One of the most famous quotes of our times is "Information is power". It doesn't take a theoretical computer scientist to tell you that, yet many were required to formalize it in something called "space complexity" and still a lot are researching related issues.Although it is intuitive that having more storage, thus being able to store larger amounts of information, allows you to solve more problems, computer scientists have proven an increase more than constant in the amount of tape allows you to solve at least one problem that you could not before. To the readers that are not familiar with space complexity but wish to know more, "space complexity" , "PSPACE" and "space hierarchy theorem" are good search terms to begin with.

One can project the theory and notions of space complexity to people in their working environment. The more storage space you are able to access, the better. Imagine if you could one have only 10 pages of text stored in your computer at a time. This would greatly hinder your ability to cross reference and validate information. However, while a Turing Machine can access its tape at anytime, this is not true for your documents as well. Allow me to explain with a short story.
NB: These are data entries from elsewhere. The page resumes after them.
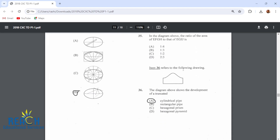Item 36 refers to the following drawing. The diagram above shows the development of a truncated cylindrical pipe. If you fold this back together it would be a cylinder, but the top of it is cut off — that's why it's truncated.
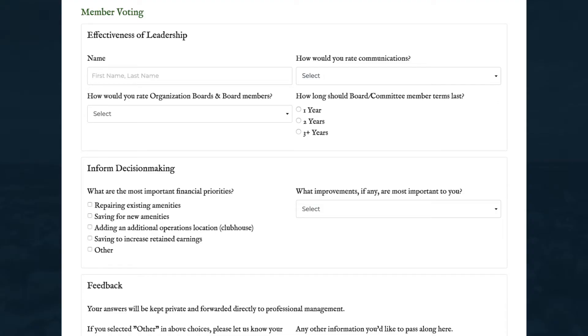In another video, we showed you the basics of creating a custom form. Here's how to use a special type of custom form to ask your members questions and assess their votes on important issues.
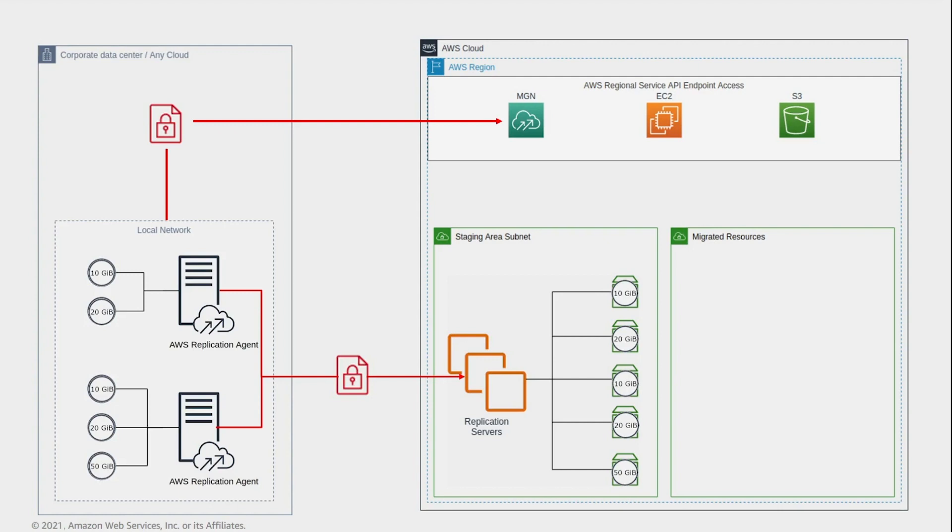Number 2: A general rule of thumb is that one replication server can handle up to 15 concurrently replicating disks. And number 3: Data is compressed and encrypted in transit using an AES 256-bit encryption key by default. It can also be encrypted at rest in your AWS region using Amazon EBS encryption.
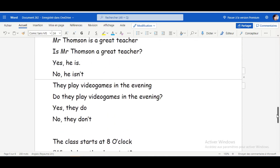The sentence using verb TO BE: Is Mr. Thompson a great teacher? Yes, he is. No, he isn't. That's how we make short answers using TO BE and DO in the present tense. That's all for today, guys. I hope this lesson was clear enough. If you liked this video, please share it with your friends and don't forget to subscribe to our channel. See you next time.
Despite my young age, I have been using computers for two decades now. Then, I needed to ask my dad to access my data and applications (prehistoric video games!), so that he gave me the correct floppy disk and he typed the commands necessary, at least until I had seen him enough times to do it myself. And yes, I typed my first computer command long before writing my first sentence but I didn't have the remotest clue what I was doing. I simply knew that I had to press the same symbols as those written on the paper stuck on the side of the screen so that I would play my favorite video game. This memory is very exciting for me because it reminds me of how Turing machines do not know what they compute,yet they compute it. It becomes even more exciting when I remember that as I kept using this commands and observing the system's response, I started to realize what I was doing. The first command I mastered that way was "dir". It listed all the next options of the "cd" command , that allowed me to access different games. And so on. This resembles unsupervised learning, where a computer program learns something by studying a lot of examples. I am already writing a post on comparing human with machine learning.
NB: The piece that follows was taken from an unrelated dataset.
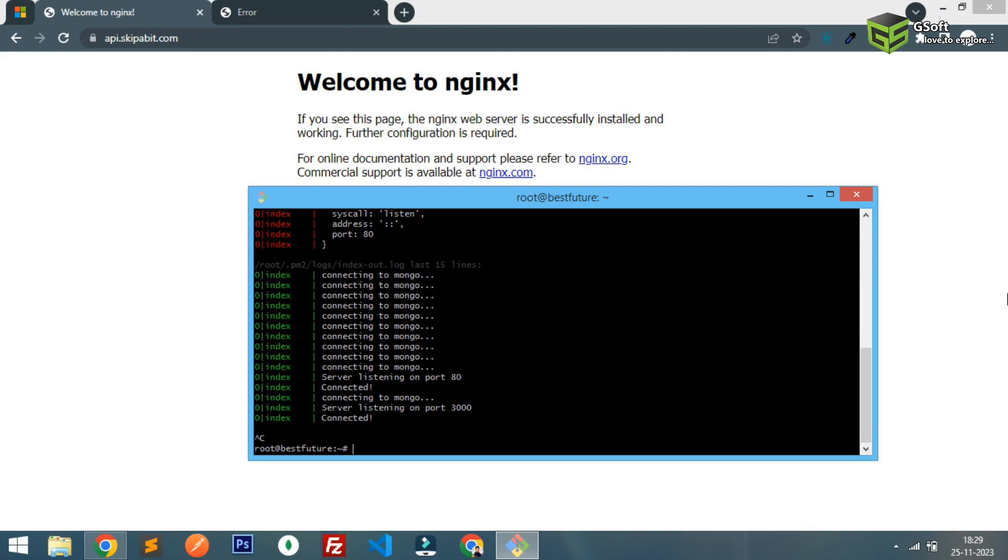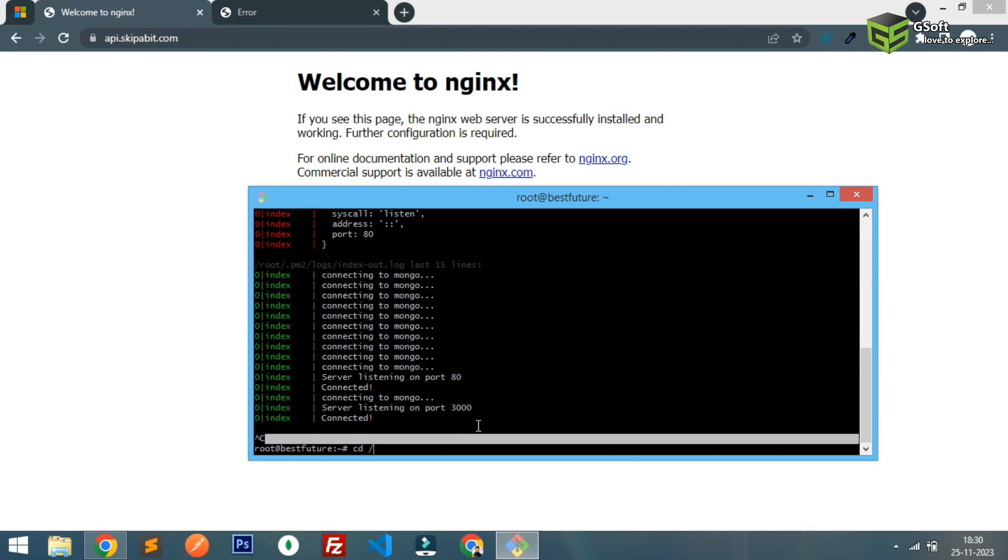So whatever port you are using, right now I'm using 3000. Basically I have to just do some configuration in the nginx file. We will be using some proxy configs. For that, what you have to do is directly go to the nginx folder.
Philosophical discussion of computation aside, there is an important aspect of the above story. Like I needed my father's intervention to access the floppies, you need an application that can comprehend the format your data is encoded in. If for some reason you do not have access to an application with that ability, your data is useless to you. Without someone that knows how to read a language (an encoding in this case) , any text in this language is very hard or impossible to read. Perhaps you've tried to open a Microsoft Office document (text, presentation or other) in another office suit and the results were disatisfactory? Most likely it wasn't that the developers were not good enough, but that they were damn good enough that they managed to open that document, even if partial, by using reverse engineering. This task is equivalent to decrypting old military codes. Having a lot of examples, you try enough techniques to open a document , until you get close to the desired result. How close you will get is determined by the obscurity of the encoding and the number of techniques you will try.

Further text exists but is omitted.